**Your instructions**
Print the line containing "Ким стати. Абетка професій" and every line after it exactly as written, through the end of the records.

Stored items

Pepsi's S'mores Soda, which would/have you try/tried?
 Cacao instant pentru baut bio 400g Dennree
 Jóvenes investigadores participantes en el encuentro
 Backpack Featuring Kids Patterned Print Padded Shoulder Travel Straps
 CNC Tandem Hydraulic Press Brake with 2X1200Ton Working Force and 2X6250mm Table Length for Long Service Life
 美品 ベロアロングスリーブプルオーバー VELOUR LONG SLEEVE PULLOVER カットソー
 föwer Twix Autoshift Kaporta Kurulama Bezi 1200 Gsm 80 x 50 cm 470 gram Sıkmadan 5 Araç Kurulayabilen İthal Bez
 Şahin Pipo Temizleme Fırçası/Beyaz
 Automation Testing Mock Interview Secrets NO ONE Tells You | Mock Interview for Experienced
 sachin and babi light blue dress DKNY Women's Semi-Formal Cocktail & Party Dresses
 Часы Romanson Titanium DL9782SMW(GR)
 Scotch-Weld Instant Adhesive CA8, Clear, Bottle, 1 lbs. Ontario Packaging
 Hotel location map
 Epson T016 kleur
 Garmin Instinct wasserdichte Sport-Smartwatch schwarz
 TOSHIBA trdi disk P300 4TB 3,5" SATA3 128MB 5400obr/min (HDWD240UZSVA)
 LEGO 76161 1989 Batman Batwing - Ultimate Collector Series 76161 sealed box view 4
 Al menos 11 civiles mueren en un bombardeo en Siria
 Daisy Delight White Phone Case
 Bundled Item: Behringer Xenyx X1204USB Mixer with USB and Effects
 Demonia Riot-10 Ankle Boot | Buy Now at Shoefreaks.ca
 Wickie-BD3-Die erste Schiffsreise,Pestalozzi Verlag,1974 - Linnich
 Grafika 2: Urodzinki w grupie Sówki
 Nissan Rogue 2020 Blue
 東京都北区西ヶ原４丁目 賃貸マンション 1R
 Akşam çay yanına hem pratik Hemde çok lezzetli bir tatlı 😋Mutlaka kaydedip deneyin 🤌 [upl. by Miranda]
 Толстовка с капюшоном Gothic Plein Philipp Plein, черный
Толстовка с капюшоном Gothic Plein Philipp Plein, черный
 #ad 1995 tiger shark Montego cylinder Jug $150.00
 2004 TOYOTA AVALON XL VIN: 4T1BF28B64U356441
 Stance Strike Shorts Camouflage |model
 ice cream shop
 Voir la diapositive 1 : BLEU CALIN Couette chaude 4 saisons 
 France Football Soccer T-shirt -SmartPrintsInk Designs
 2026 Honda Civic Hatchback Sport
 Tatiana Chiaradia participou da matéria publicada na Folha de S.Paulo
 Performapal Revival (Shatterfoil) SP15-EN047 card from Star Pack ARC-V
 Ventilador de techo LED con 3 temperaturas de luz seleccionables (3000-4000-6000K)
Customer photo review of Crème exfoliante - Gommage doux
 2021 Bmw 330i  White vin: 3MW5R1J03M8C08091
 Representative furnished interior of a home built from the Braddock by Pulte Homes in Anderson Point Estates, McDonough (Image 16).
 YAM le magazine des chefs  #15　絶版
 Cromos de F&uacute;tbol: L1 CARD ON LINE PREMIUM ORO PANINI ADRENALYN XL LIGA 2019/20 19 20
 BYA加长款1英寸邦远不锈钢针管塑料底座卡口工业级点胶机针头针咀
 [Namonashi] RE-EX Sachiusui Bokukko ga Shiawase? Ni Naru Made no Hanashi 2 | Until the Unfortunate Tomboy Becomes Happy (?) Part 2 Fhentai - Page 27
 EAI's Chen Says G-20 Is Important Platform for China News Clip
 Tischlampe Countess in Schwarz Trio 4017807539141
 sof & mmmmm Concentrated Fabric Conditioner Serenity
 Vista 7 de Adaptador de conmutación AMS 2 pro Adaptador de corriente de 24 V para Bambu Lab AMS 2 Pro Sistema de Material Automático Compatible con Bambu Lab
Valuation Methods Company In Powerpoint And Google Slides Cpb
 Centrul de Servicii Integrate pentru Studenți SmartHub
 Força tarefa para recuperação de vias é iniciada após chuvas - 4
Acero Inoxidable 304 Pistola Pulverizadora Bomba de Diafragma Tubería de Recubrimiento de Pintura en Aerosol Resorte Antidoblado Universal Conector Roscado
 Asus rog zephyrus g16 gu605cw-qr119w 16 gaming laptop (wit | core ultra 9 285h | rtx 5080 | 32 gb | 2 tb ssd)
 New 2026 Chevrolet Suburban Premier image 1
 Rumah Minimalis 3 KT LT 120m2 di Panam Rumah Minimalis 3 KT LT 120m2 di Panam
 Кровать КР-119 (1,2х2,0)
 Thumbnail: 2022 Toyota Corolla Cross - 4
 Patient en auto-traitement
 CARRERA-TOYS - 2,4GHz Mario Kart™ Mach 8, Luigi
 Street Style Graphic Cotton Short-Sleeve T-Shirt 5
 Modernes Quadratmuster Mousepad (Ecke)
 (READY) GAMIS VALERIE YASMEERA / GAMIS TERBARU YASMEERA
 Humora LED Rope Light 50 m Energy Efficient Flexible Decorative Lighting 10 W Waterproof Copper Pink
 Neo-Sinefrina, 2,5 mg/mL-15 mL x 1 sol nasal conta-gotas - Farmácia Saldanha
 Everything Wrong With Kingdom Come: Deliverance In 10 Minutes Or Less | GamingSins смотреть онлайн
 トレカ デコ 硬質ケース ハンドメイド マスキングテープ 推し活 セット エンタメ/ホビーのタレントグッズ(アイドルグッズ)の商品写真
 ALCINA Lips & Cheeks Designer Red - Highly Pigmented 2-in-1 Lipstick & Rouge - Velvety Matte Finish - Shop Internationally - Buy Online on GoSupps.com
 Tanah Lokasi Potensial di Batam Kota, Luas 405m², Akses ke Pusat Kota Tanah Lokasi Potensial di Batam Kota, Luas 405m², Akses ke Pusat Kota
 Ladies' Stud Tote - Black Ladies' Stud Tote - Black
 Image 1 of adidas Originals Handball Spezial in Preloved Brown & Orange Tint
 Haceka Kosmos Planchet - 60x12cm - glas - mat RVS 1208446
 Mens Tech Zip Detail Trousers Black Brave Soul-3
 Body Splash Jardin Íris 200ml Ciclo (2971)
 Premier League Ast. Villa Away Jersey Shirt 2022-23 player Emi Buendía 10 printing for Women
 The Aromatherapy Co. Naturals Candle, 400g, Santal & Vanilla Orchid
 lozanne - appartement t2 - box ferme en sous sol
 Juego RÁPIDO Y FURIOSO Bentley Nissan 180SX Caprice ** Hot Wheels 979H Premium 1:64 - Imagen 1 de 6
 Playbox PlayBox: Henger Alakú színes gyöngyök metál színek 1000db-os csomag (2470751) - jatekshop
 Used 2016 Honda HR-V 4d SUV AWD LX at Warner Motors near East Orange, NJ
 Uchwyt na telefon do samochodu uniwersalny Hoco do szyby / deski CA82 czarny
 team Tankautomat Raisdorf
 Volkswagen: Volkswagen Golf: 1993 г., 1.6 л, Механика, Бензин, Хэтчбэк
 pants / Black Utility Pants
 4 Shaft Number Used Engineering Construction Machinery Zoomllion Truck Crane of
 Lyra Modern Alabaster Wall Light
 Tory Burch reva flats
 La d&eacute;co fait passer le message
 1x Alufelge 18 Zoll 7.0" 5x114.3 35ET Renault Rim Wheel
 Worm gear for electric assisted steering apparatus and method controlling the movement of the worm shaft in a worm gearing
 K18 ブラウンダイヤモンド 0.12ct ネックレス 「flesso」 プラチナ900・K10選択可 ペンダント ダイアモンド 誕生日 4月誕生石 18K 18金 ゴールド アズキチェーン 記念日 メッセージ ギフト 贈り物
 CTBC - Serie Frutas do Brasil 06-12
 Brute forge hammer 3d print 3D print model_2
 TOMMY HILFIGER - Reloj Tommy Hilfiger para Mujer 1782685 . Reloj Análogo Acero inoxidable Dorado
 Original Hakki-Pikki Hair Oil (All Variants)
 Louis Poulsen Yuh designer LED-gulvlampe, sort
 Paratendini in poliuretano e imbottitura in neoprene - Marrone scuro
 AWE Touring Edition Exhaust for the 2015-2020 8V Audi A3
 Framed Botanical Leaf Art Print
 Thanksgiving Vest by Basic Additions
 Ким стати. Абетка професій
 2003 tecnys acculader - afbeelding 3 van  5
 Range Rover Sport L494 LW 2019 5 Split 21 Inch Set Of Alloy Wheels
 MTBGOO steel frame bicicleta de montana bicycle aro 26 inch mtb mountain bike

**Response for this exercise**
 Ким стати. Абетка професій
 2003 tecnys acculader - afbeelding 3 van  5
 Range Rover Sport L494 LW 2019 5 Split 21 Inch Set Of Alloy Wheels
 MTBGOO steel frame bicicleta de montana bicycle aro 26 inch mtb mountain bike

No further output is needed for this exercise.